La peinture de mœurs
Le roman va ainsi un peu dans toutes les directions, on le voit, et il est impossible de parler d'une école du roman français contemporain. Un trait à retenir, c'est peut-être le retour de ce roman à son domaine traditionnel, celui de la peinture des mœurs. Mais, bien entendu, c'est un retour adapté aux goûts de l'époque. Point de grande construction avec personnages types et situations dramatiques poussées comme dans tel ou tel volet de Zola, mais une sorte de microsociologie de la société de consommation. Cela se trouvait déjà dans les Choses, de Georges Pérec, cela se trouve dans Un jeune couple, de Jean-Louis Curtis, dans le Mief, de François Sonkin, dans l'Addition, de Lionel Chouchon, et dans bien d'autres livres.

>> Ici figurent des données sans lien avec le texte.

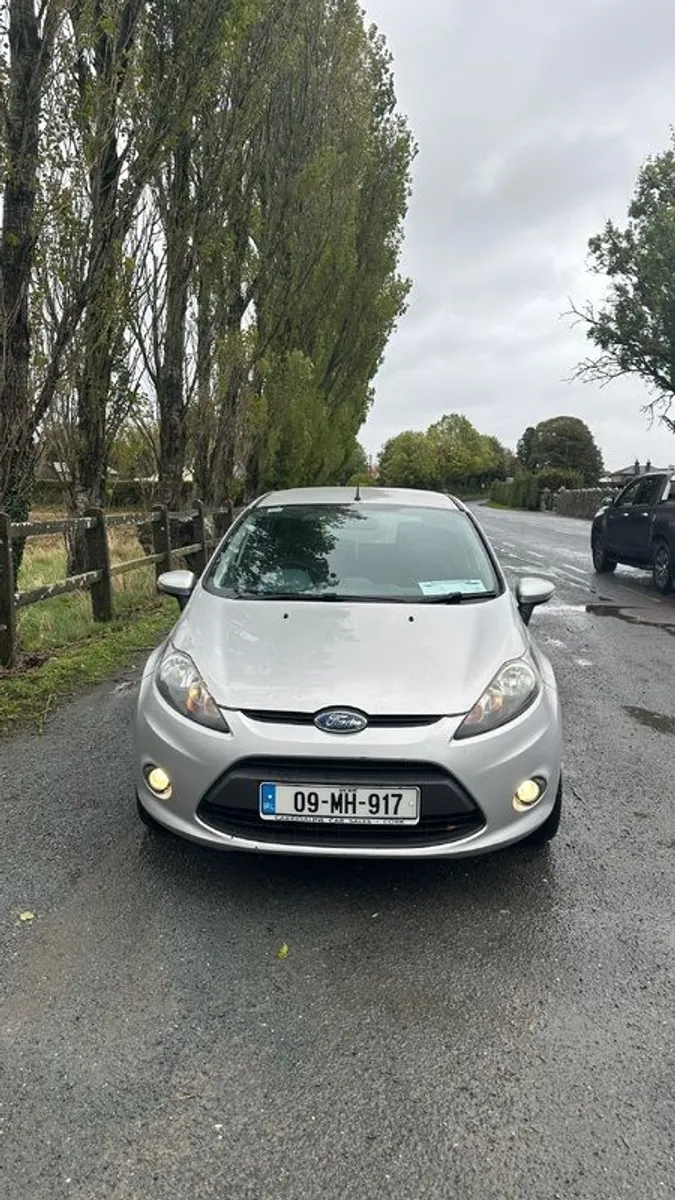 2009 Ford Fiesta - Image 1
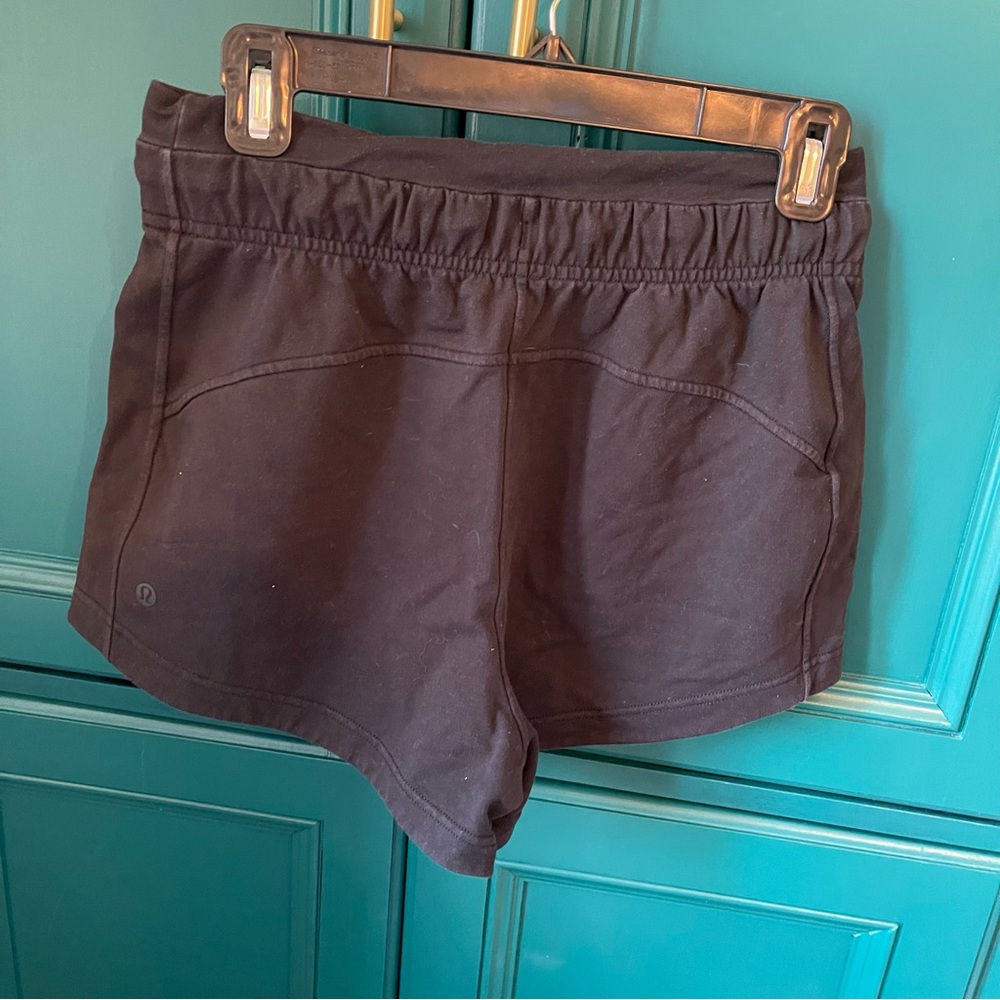 Lululemon Black Athletic Short Sz 6 Workout - Picture 2 of 3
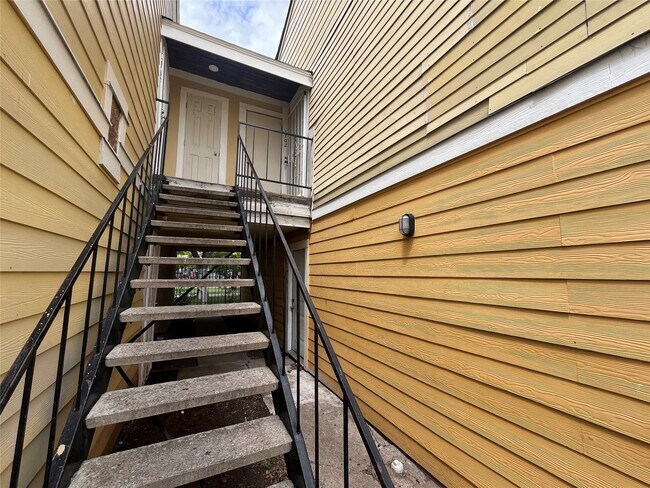 Foto del edificio - 8405 Wilcrest Dr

Le Matrimoine, d'Hervé Bazin, qui a été le plus grand succès romanesque de l'année, est encore un roman de mœurs classique et, qui plus est, un roman de mœurs provinciales. C'est, mené avec un talent vigoureux, mais point trop regardant et qui ne dédaigne pas les effets vulgaires, un constat de mariage au cours des années dans une société où l'autorité femelle prend le pas sur la masculine. Tout est dit, tout est peint à petites touches précises, et la force des choses, comme disait Simone de Beauvoir, se fait sentir plus que la force d'âmes. Jean-Louis Curtis, retrouvant la veine et la manière de la Quarantaine, choisit un jeune couple qui s'installe au cœur de la société d'abondance avec de petits moyens financiers. Le garçon est de bonne race, la fille avide et frivole, dupe de tout ce que notre petit monde fait briller à ses yeux, et c'est de la force (ou de la faiblesse) de l'amour que les choses viennent ici à bout. Curtis a l'œil terrible de la satire, une merveilleuse légèreté dans l'humour, il n'utilise pas de clés, mais il ne dédaigne pas les portraits presque ressemblants d'individus et de types.
Ailleurs (Guimard, Chouchon...), c'est l'homme de la quarantaine, le cadre qui ne veut pas se laisser encadrer par un monde de jouissance bornée, que l'auteur étudie surtout. Nous nous reconnaissons dans ces ouvrages qui ne relèvent pas de l'art pour l'art encore cultivé dans quelques chapelles, qui sont d'abord des « mémoires pour servir à l'histoire de la société », comme disait Abel Hermant, et qui tomberont peut-être dans l'oubli avec cette société même. Mais il me semble que le roman reste fidèle ici à sa grande vocation réflexive, à la manière aussi bien de Marivaux, de Balzac, de Stendhal, de Flaubert et de bien d'autres.
Au féminin
C'est un peu par routine qu'on fait une place à part à la littérature féminine, puisque les femmes écrivent et vivent de plus en plus comme les hommes. Simone de Beauvoir se cherche pourtant aux frontières de la littérature féminine au mauvais sens du terme dans les récits de la Femme rompue : mais si l'on est sévère avec elle, c'est parce que nous savons qu'on peut beaucoup lui demander. Nathalie Sarraute, autre papesse, publie une nouvelle étude entre la vie et la mort de l'œuvre d'art dans le petit monde littéraire. On a fait grand cas de Renata n'importe quoi, de Catherine Guérard, long monologue d'une clocharde d'une virtuosité éclatante, mais d'une vérité qui apparaît moins clairement. Il arrive que les étincelles du talent empêchent de voir la flamme, comme les arbres la forêt.